Two routes to success
Muldoon says there are two ways to get into cataloging. One is the big-money path: You rent a mailing list of people who are likely to buy your products, print more than 100,000 catalogs and mail nationally.

U.S. catalog salesThat method takes about $1 million in upfront money and it takes about three years to break even, Muldoon says.

The second method, which Muldoon preaches in the seminars she puts on for the Direct Marketing Association, is a more gradual approach with a lower upfront capital outlay. The downside is that it takes up to five years to break even, she says.

The lower-cost approach, which can get off the ground for several hundred thousand dollars, would have you send catalogs only to interested parties found through magazine and newspaper ads and an Internet site.

Jim Padgitt, president of Direct Marketing Insights of Mount Pleasant, S.C., has a similar estimate. It takes $150,000 to $200,000 to get into the business on a small scale and about three years to turn a profit, he says.

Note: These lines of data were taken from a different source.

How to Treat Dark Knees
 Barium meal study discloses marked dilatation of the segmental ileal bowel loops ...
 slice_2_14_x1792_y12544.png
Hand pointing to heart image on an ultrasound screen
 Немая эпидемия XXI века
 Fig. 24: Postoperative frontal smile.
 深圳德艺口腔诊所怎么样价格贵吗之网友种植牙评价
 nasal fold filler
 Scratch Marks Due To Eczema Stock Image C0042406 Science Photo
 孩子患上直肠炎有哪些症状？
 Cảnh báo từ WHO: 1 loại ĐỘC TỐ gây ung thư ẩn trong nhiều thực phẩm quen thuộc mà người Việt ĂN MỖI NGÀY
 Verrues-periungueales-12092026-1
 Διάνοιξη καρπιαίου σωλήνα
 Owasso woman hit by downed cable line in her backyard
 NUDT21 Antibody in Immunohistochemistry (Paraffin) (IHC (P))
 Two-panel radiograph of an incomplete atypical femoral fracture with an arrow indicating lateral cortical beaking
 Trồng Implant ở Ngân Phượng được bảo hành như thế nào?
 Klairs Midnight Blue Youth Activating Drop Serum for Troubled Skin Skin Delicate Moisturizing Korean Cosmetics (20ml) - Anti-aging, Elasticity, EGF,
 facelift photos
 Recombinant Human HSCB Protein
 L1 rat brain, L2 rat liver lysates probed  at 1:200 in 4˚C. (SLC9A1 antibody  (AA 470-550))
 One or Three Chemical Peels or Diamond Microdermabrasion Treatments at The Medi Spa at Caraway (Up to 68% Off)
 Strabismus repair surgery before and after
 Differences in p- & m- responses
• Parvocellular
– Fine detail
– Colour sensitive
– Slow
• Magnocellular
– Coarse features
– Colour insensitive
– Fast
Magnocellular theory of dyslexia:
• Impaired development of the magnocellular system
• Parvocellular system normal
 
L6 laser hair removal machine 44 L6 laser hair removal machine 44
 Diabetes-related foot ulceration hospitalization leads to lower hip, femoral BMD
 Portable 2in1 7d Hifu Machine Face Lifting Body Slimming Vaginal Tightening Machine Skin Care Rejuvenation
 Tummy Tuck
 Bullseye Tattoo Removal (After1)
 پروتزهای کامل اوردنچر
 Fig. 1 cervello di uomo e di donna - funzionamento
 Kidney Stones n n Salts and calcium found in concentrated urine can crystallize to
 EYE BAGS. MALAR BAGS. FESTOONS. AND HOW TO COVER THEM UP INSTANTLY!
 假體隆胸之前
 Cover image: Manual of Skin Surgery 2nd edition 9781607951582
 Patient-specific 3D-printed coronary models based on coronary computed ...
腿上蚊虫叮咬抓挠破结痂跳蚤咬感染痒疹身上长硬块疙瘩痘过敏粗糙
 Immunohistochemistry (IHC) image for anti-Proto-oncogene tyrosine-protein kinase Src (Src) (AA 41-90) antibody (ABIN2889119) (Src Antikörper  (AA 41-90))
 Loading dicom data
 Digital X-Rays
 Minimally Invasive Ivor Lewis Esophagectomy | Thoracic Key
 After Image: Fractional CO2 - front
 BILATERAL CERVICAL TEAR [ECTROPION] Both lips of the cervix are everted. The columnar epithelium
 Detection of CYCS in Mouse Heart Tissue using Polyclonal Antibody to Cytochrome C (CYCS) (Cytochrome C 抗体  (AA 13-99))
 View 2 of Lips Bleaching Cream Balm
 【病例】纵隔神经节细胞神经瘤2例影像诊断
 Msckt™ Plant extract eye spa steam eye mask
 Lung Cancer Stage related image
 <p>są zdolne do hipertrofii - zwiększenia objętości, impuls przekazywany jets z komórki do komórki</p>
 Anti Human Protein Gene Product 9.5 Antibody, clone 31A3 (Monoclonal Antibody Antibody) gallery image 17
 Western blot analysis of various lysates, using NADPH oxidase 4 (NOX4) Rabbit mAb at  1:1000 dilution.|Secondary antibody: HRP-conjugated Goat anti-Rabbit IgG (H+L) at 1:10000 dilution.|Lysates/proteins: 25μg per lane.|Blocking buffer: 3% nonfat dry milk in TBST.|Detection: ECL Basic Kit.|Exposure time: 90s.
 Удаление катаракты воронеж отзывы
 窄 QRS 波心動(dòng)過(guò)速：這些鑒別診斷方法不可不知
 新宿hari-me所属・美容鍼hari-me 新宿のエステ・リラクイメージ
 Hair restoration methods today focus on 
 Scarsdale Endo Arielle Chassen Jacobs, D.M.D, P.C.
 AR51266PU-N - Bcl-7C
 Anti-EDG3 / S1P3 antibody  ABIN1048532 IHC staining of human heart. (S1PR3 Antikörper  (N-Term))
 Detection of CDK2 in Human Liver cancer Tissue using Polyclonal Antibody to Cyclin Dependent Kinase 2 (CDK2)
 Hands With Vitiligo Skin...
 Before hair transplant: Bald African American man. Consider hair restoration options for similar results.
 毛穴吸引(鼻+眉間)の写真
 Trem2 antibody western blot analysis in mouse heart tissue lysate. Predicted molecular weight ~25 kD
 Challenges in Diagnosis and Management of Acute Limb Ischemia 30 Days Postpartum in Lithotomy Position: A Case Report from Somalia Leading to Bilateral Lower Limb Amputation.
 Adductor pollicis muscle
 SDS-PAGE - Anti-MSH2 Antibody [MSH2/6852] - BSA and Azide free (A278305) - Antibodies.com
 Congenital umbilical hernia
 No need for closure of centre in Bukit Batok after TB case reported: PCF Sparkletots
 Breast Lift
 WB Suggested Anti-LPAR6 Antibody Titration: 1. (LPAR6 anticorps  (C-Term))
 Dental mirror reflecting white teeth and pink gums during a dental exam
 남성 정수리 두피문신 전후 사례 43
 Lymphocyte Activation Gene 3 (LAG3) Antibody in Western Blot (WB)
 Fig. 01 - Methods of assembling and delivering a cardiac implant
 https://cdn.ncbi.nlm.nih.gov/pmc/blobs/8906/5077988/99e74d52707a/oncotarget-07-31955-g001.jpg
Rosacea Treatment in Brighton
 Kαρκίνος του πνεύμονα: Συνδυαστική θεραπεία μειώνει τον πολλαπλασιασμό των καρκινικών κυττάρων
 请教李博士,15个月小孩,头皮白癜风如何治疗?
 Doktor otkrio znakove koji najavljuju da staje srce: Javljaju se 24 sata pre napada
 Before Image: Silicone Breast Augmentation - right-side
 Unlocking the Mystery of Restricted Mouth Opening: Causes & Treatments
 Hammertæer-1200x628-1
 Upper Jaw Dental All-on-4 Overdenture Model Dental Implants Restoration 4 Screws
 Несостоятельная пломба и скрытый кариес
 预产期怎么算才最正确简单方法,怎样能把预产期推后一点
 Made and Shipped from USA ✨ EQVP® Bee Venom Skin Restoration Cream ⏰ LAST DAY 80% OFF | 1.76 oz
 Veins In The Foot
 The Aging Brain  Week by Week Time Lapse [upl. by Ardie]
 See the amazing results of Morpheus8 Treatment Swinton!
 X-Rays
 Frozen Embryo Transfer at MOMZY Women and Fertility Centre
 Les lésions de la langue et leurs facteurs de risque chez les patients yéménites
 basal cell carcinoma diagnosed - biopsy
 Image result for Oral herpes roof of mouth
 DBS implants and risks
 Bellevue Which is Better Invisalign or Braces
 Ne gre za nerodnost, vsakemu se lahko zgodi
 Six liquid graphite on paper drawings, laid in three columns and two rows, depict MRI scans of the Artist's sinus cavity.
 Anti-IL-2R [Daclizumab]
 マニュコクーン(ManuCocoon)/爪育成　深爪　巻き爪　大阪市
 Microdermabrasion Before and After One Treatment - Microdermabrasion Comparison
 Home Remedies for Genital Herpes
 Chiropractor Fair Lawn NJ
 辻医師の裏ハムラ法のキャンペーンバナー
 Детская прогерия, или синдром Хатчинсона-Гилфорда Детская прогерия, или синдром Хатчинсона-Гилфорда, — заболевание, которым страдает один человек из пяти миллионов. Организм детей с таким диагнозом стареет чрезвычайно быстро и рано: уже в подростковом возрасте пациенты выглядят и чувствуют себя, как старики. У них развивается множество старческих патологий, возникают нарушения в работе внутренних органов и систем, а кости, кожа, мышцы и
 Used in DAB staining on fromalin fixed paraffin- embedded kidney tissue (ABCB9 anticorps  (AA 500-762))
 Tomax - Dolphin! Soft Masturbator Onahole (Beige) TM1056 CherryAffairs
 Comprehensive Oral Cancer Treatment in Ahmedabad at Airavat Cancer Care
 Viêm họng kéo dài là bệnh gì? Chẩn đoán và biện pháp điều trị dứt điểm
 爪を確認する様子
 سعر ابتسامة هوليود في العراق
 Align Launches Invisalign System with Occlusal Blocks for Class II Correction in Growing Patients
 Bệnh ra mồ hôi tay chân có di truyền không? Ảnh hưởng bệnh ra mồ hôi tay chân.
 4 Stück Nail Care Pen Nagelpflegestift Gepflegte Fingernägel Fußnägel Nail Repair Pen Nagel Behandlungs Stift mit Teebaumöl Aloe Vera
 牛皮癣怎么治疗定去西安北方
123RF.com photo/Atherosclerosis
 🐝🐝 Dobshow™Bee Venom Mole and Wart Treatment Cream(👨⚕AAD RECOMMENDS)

"This is not a good business for impatient people,'' Padgitt says.

Typical costs to start
He gave this breakdown for the major startup costs:

  • $30,000 to design a 32-page catalog
  • $25,000 to $40,000 to print 100,000 copies
  • $15,000 to $20,000 for photography
  • $22,000 postage for each of three mailings
  • $9,000 for prospective customer list rental, for each of three rentals

The temptation, Padgitt says, is to trim costs to the bone. Don't do it.

"You can always do it cheaper," Padgitt says. "You can always get your brother-in-law to do the photography. But it's almost always a bad investment."

It won't look professional, he says.

"It's like sending out a salesman with dirty fingernails and food on his tie," Padgitt says.

The two big costs to keep in mind are paper and postage. Economies of scale can be cruel to the startup entrepreneur: A 24-page color catalog costs $1 each to produce in small quantities, say less than 100,000, Muldoon says. But produce 500,000 or more, and the cost goes down to 40 cents each.

Another highly variable cost to keep in mind is production: Photography, written copy, layout -- everything up to printing -- costs from $3,500 to $9,000 a page, depending on the agency. Muldoon counsels entrepreneurs to hire an agency that has experience in catalog production.

Bulk rate snail mail, jackrabbit prices
Paul Miller, senior news editor for the industry magazine Catalog Age, says another important issue for anyone considering starting a catalog is a pending bulk rate postal increase. It's anticipated to be in the 10 to 14 percent range, he says.

"That's a huge increase and that's going to be tough for a lot of small catalogers," Miller says.

Postal hikes in the past decade, as well as paper price increases, have contributed to the increasingly competitive catalog market, he says.

"It's not so cheap any more," Miller says. "There's nowhere to hide from all that."

Those economic pressures, as well as the blossoming of the Internet as a mode of commerce and communication, have led many catalogers to contemplate an online catalog.

The online alternative
Steve Leveen began his business off his kitchen table 13 years ago with $21,000. Today, he and his wife, Lori, run Levenger, a Delray Beach, Fla., company that mails 30 million catalogs a year and employs 320 people selling "tools for serious readers," such as desks, chairs, filing systems and reading lamps.

"I guess if I were starting a business today, it probably would be a Web business," says Leveen.

"The real catalog is increasingly becoming online," Leveen says. "I do think direct marketing will be dominated by the Internet in the future. It's hard for me to imagine a direct marketing company that would not have a Web site."

Muldoon and others counsel catalog entrepreneurs to start a Web site in conjunction with a paper catalog business.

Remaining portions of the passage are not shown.